In 1989, Edward Blum was a stock broker living in Houston. In 1990, he began a career in politics that would profoundly alter the future of race-based policies in the United States. That year, Blum ran and lost a congressional race against Democratic incumbent Craig Anthony Washington in a primarily black district. Blum immediately voiced suspicion that his district had been gerrymandered to create a black majority, and he wasted no time in filing a lawsuit against the state of Texas. Claiming a violation of the Fourteenth Amendment, Blum’s case eventually made its way to the Supreme Court (Bush v. Vera). The court ruled in his favor, and thus began Blum’s political career. Despite not being an attorney, he has orchestrated legal teams for six cases that have made their way to the Supreme Court, with the Court has ruling at least partially in his favor in four of them. Blum is driven by a philosophy that “race-based policies violate the very principles of equality they were created to uphold.” He acts by connecting plaintiffs to attorneys who are willing to take the case as a means to set a legal precedent. In 2018, Blum is the face of conservative agendas to end race-based policies in the United States, most recently conducting a legal challenge of affirmative action at Harvard.

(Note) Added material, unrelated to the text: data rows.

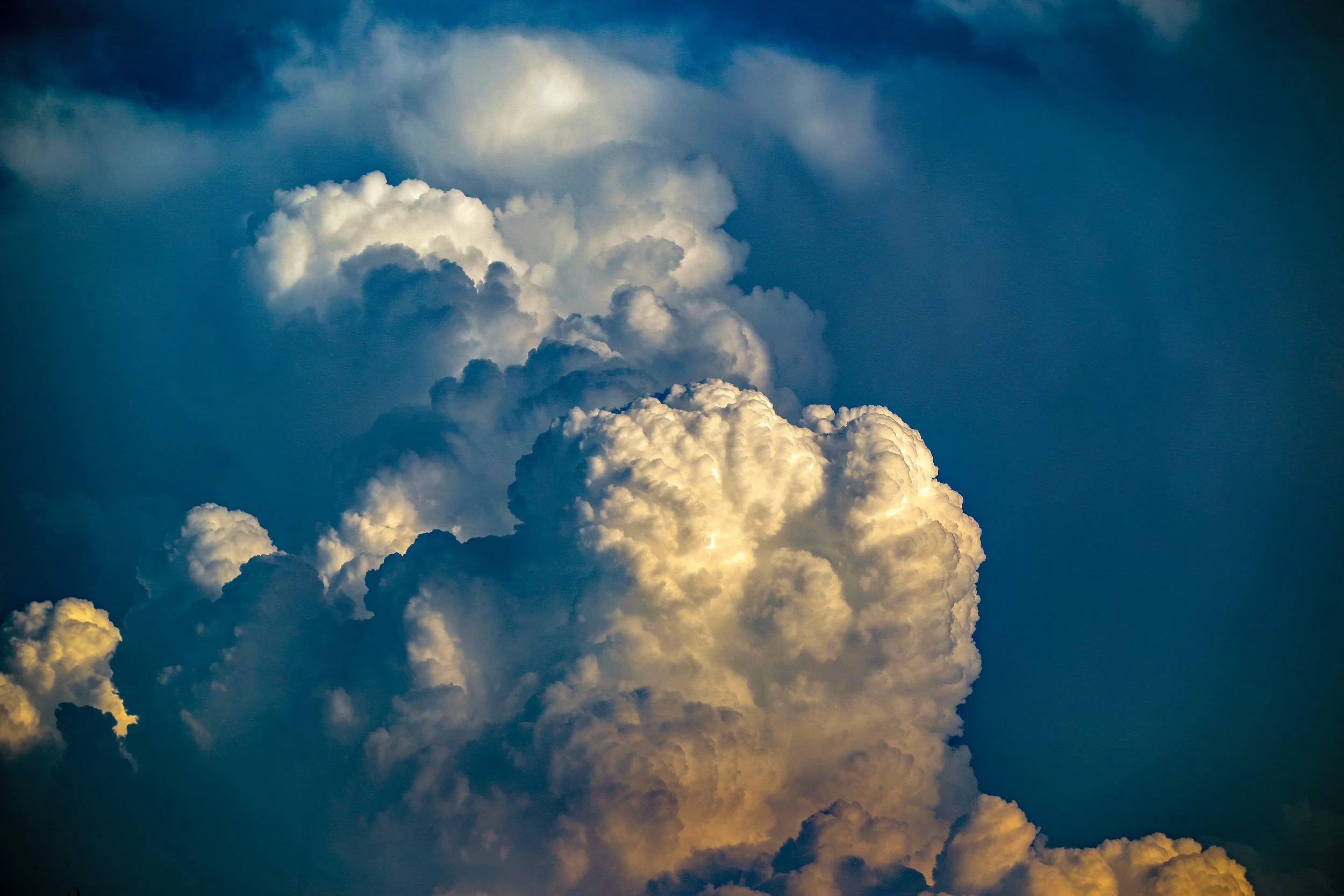 Photo by Michael Weidner on Unsplash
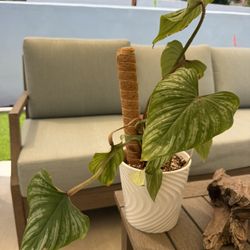 Philodendron (Silver Cloud)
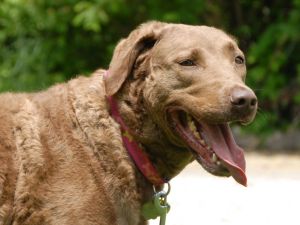 Chessie: Chesapeake Bay Retriever, Dog; Cincinnati, OH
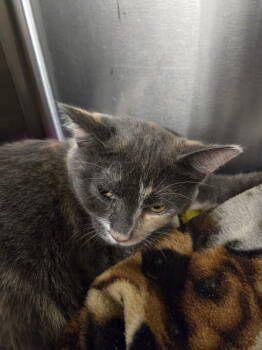 Rescue Domestic Short Hair Cats for Adoption in Trenton, New Jersey - Erica Ash | PetCurious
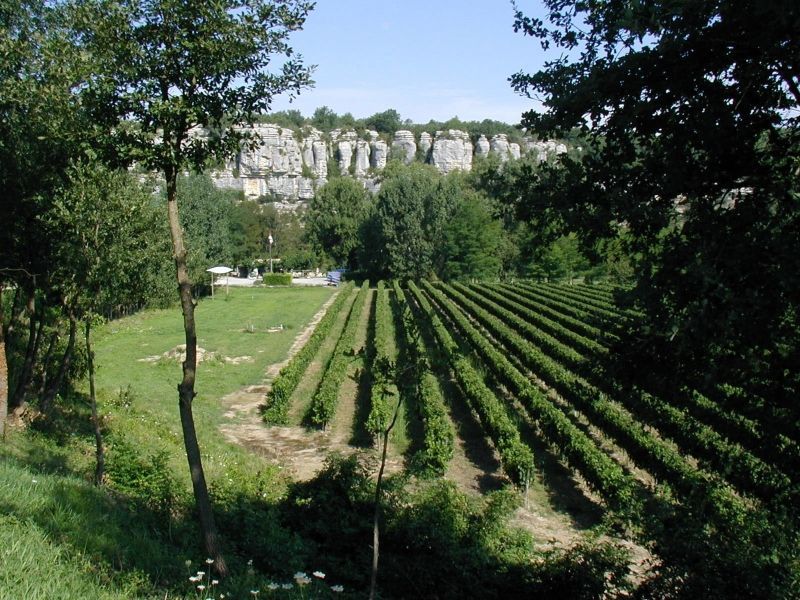 Camping de la Falaise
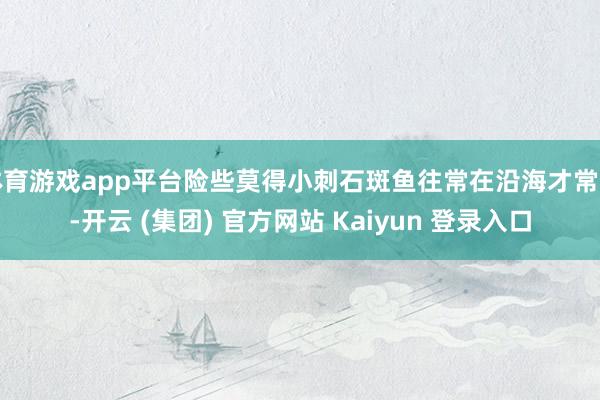 体育游戏app平台险些莫得小刺石斑鱼往常在沿海才常见-开云 (集团) 官方网站 Kaiyun 登录入口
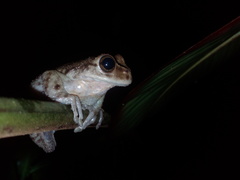 Plectrohyla chrysopleura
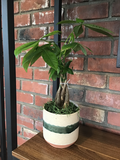 Money Tree Planted In Ceramic Container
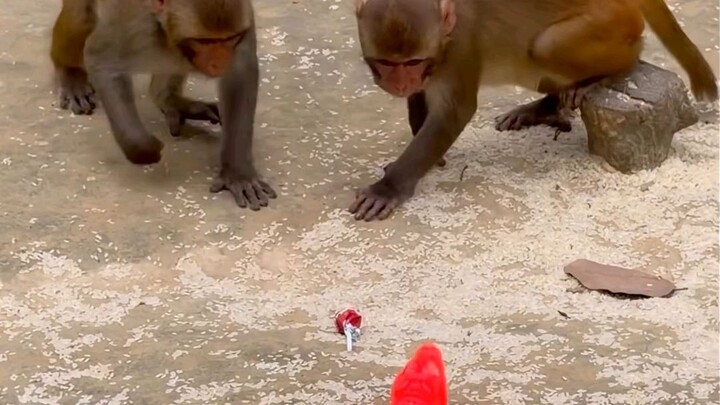 Monkeys is afraid of a toy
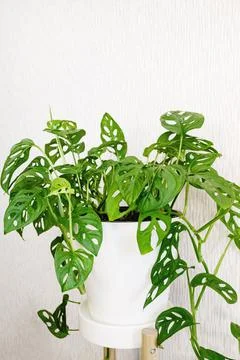 Monstera Monkey Mask or Obliqua or Adansonii stands on a white pedestal on a Stock Photos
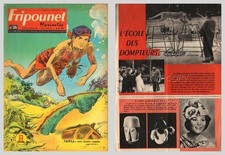 FRIPOUNET 1962 N° 36 du  06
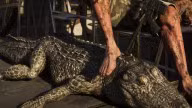 American Alligator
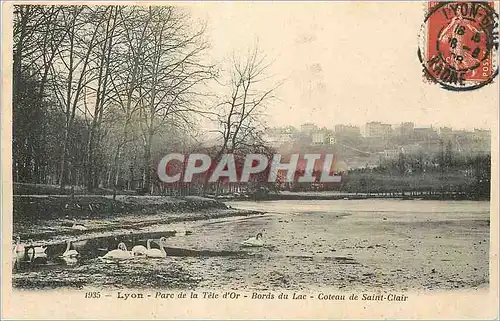 Ansichtskarte AK Lyon Parc de la Tete d'Or Bords du Lac Coteau de Saint-Clair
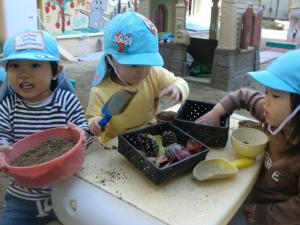 1歳児　自然物を使って遊んでいます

Figure 1. Blum posing for a profile in the New York Times

In 2008, Abigail Fisher filed a lawsuit following a rejection of admission from the University of Texas at Austin. She claimed that her whiteness had been utilized against her in the admissions process and that minority students with lower scores were admitted in her place. Since the late 1990’s, the University of Texas (UT) has filled the majority of its freshman class through the Top Ten Percent plan, granting automatic admission to any Texas resident in the top percent of their class. The remaining slots were filled with a race-blind admissions process. But in 2003, following the landmark case Grutter v. Bollinger in which the Supreme Court upheld affirmative action, UT subsequently changed its admissions policy to include consideration of race for applicants. When Fisher was not admitted to UT, despite a 3.59 GPA that placed her within the top 12 percent of her class, Blum saw a valuable opportunity to mount a legal challenge against affirmative action. He connected Fisher to an experienced legal team and the means to pay them, embarking on a lengthy battle in various courts. To date, his efforts have been mostly in vain; both local and federal courts have affirmed the constitutionality of the Grutter case: “as long as Grutter remains good law, UT’s current admissions program remains constitutional,” said the trial judge in Austin. The Obama administration even issued a statement affirming their commitment to affirmative action at UT.

Figure 2. Abigail Fisher speaks during UT trial

In 2013, immediately following the challenge of affirmative action at UT, Blum brought an even more radical case to the court. In Shelby County v. Holder, he challenged the constitutionality of two provisions in the Voting Rights Act of 1965, a law widely regarded as one of the most important and effective pieces of legislation in the civil rights era. Signed by Lyndon B. Johnson at the height of the Civil Rights Movement, this law prohibited racial discrimination in voting. In Shelby, Blum argued that Sections 4(b) and 5 were unconstitutional under the principle of “one person, one vote.” Section 5 stipulates that certain states and local governments with a history of voter discrimination must receive federal clearance for any new voting practices; Section 4(b) contains the formula to decide which jurisdictions are regulated by Section 5. The Supreme Court ultimately ruled that Section 4(b) was unconstitutional because its coverage formula was based on antiquated data. Although the Court did not explicitly overturn Section 5, it currently serves no purpose, as no jurisdiction will need federal clearance unless Congress produces a new coverage formula. In the five years that followed, almost a thousand polling locations have been closed throughout the United States; these closures have disproportionately affected black communities. In a subsequent interview with the Guardian, Blum seems to have mixed feelings about the wide-reaching implications of the case: “I think about it a lot, I worry about it a lot. I agonize over this. It may be that one or two of the states that used to be covered by Section 5 has gone too far.” Blum’s reservations about his victory underscore the political power of these cases; the question of whether Blum is maliciously intending to oppress black communities is irrelevant, because the reality of the situation is that his legal wins have directly contributed to the deterioration of their conditions. His race-blind version of justice has not strengthened racial equality, it has done the exact opposite.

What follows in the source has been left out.